--- Exercise inputs Enclosed Below ---

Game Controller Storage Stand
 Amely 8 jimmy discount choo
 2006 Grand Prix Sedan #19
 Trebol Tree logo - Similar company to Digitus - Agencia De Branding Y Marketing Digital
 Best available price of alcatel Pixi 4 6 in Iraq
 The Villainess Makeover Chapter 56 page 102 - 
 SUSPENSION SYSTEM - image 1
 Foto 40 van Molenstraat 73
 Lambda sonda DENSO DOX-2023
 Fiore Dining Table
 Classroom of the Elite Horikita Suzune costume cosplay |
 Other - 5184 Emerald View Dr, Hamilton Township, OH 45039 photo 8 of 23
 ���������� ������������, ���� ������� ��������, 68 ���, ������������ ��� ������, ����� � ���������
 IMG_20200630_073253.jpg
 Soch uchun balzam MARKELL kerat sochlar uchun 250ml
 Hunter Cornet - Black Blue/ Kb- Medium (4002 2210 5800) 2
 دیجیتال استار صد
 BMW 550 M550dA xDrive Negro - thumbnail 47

--- End of Enclosed Exercise inputs ---

Problem:
Every entry needs to be copied exactly as it was written.

Result of this task:
Game Controller Storage Stand
 Amely 8 jimmy discount choo
 2006 Grand Prix Sedan #19
 Trebol Tree logo - Similar company to Digitus - Agencia De Branding Y Marketing Digital
 Best available price of alcatel Pixi 4 6 in Iraq
 The Villainess Makeover Chapter 56 page 102 - 
 SUSPENSION SYSTEM - image 1
 Foto 40 van Molenstraat 73
 Lambda sonda DENSO DOX-2023
 Fiore Dining Table
 Classroom of the Elite Horikita Suzune costume cosplay |
 Other - 5184 Emerald View Dr, Hamilton Township, OH 45039 photo 8 of 23
 ���������� ������������, ���� ������� ��������, 68 ���, ������������ ��� ������, ����� � ���������
 IMG_20200630_073253.jpg
 Soch uchun balzam MARKELL kerat sochlar uchun 250ml
 Hunter Cornet - Black Blue/ Kb- Medium (4002 2210 5800) 2
 دیجیتال استار صد
 BMW 550 M550dA xDrive Negro - thumbnail 47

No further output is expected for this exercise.